TitleNoun # of nouns in title [0, 21] Yes
TitleAdverb # of adverbs in title [0, 14] Yes
TitleVerb # of verbs in title [0, 10] Yes
TitleAdjective # of adjectives in title [0, 11] Yes
BodyNoun # of nouns in body [0, 4518] Yes
BodyAdverb # of adverbs in body [0, 2999] Yes
BodyVerb # of verbs in body [0, 843] Yes
BodyAdjective # of adjectives in body [0, 2669] Yes
HomeworkInTitle Is homework related? [0, 1] Yes
HomeworkInBody Is homework related? [0, 1] Yes
SentimentTitle Sentiment of title text [-2.26, 2.19] Yes
SentimentBody Sentiment of body text [-379.12, 2285.32] Yes
MembershipStatus Milestone status [1, 4] Yes
Day Day of week [0, 6] Yes
Month Month of year [0, 11] Yes
Year Year [2008, 2012] Yes
TagPopularity Tag popularity [1, 3] Yes

Data Exploration

Open Status

Currently, our OpenStatus variable is a factor with five levels (Open, Too localized, Not constructive, Not a real question, Off topic). Since we are dealing with a classification problem, let’s turn it into a binary variable (0 = closed, 1 = open) with two levels. To be clear, a question that is marked as closed means that the question fell into one of the four negative categories listed above. It does not mean that the question was answered and then marked as closed. Furthermore, a question that is marked as open, may or may not have an answer, but remains open because of its potential usefulness to the Stack Overflow community.

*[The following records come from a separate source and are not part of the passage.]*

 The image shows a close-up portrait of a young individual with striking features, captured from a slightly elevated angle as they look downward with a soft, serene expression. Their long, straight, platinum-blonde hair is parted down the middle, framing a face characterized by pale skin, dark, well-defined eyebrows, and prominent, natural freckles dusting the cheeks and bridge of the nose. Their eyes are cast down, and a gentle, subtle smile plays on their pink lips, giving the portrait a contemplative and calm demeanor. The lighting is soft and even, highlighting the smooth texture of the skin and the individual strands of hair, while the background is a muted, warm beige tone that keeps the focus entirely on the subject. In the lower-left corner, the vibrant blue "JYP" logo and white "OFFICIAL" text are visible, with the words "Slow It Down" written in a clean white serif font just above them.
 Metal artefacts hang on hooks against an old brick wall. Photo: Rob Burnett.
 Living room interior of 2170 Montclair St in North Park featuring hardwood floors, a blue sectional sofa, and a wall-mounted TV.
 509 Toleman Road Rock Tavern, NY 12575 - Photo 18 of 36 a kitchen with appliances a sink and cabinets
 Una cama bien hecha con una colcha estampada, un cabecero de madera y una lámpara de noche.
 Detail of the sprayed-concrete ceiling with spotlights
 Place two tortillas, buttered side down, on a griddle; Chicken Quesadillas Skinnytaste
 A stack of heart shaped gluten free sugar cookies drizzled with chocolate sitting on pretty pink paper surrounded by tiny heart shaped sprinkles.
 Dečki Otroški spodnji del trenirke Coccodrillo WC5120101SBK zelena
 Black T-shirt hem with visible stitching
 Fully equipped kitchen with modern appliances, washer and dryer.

# Turn OpenStatus feature into variable with four levels, to a variable with two levels
train[, OpenStatus := ( ifelse(PostClosedDate == "", 1, 0))]
# View summary statistics for this variable
table(train$OpenStatus)
0     1 
89176 89176

Reputation at Post Creation

The first thing that caught our attention was the ReputationAtPostCreation variable. Let’s see what the distributions of reputation are:

ggplot(train, aes(x=ReputationAtPostCreation)) + 
  geom_density() +
  labs(x = 'User Reputation Points', y = 'Density', title = 'Reputation Density Plot') +
  theme(plot.title = element_text(hjust = 0.5))

It looks like that a clear majority of users who ask questions have reputations below 200. Since this data is so skewed, it could be worth log transforming to try and obtain something more along the lines of a normal distribution, but let’s do something else. Let’s create a new feature that encapsulates the user’s experience. We’ll do this by using the Stack Overflow milestones as our guide.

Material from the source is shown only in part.